Sunday, April 12, 2020

VERA CRUZ - CRITERION CHANNEL

This review originally written for DVDTalk.com in 2011.



The 1952 cowboy picture Vera Cruz is one of the first big Hollywood movies to be shot in Mexico, so it's only fitting that it be a story about the Mexican fight for independence from European (and particularly French) occupation. The focus of the script is two American outlaws, both with different approaches to how they do business. One is a dangerous man, a smiling gunslinger named Joe Erin, and played by young star Burt Lancaster; the other is a man of honor, Benjamin Trane, portrayed by an elder statesman of American movies, Gary Cooper. Joe has gone to Mexico to escape a bounty on his head. Benjamin has traveled south of the border in order to leave behind a painful past: he lost his livelihood fighting for the Confederacy in the Civil War.
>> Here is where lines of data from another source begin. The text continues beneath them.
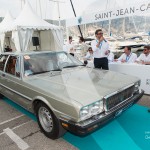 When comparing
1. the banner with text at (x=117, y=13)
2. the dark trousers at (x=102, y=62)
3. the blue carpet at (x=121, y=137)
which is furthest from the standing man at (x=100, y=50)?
the blue carpet at (x=121, y=137)

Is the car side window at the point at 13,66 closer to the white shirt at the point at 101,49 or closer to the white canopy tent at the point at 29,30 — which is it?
the white shirt at the point at 101,49

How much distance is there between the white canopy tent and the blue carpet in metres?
9.19

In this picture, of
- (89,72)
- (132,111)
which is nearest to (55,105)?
(89,72)

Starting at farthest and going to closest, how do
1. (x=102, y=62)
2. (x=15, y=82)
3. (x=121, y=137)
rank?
(x=102, y=62) → (x=15, y=82) → (x=121, y=137)

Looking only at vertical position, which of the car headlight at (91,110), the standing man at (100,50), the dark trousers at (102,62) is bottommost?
the car headlight at (91,110)

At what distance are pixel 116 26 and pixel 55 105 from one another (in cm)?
1391

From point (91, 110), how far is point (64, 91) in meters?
0.54

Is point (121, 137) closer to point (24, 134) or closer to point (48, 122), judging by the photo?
point (48, 122)

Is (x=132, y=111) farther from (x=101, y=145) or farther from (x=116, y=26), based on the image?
(x=116, y=26)

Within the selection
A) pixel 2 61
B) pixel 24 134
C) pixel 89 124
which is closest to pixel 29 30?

That conflict was about a house divided, two sides of the same coin struggling for supremacy. So, too, is the Mexican revolution a division amongst the people. And likewise there is the division between the two mercenaries who choose to fight it.

Despite being an unlikely pairing, Joe and Ben team up, heading a posse that is hired by the foreign-occupying Emperor Maximilian (George Macready) to escort a rich aristocrat (Denise Darcel) across the country to the town of Vera Cruz, where a boat will take her and a treasure chest of Mexican gold back to France where she will buy more soldiers to hold back the revolutionary army. Joe and Ben make plans to steal the gold for themselves, but then they turn around and make plans to also steal it from each other. Joe romances the rich woman, while Ben makes eyes at a sexy Mexican bandit (Sarita Montiel). She also just so happens to be working for the Mexican army, who want the gold themselves. And, of course, Maximilian's lancers have a pretty good notion that all of these double- and triple-crosses are underway, and they set up their own ruse to keep their hands on the Emperor's coinage.


Vera Cruz is directed by Robert Aldrich, who also helmed The Dirty Dozen, another famous film about a band of rough customers facing impossible odds. The screenplay by Roland Kibbee (Valdez is Coming) and James R. Webb (Cape Fear) may feature a healthy cast of characters--Joe's original team includes such recognizable character actors as Charles Bronson, Ernest Borgnine, and Jack Elam; the Emperor's right-hand man is played by Cesar Romero--but the focus here stays tight on the main stars. The odds build against them as the movie progresses, ending in a giant battle between the Mexican and the European forces that claims a lot of lives. It's a gut punch of a finish, especially after the turbine engine plotting that gets us to this particular port of call. Vera Cruz generates speed as it goes, the chase growing more dangerous, the action more exciting. The resolution brings to bear all the compromises and consequences in a way that is both bleak and surprising.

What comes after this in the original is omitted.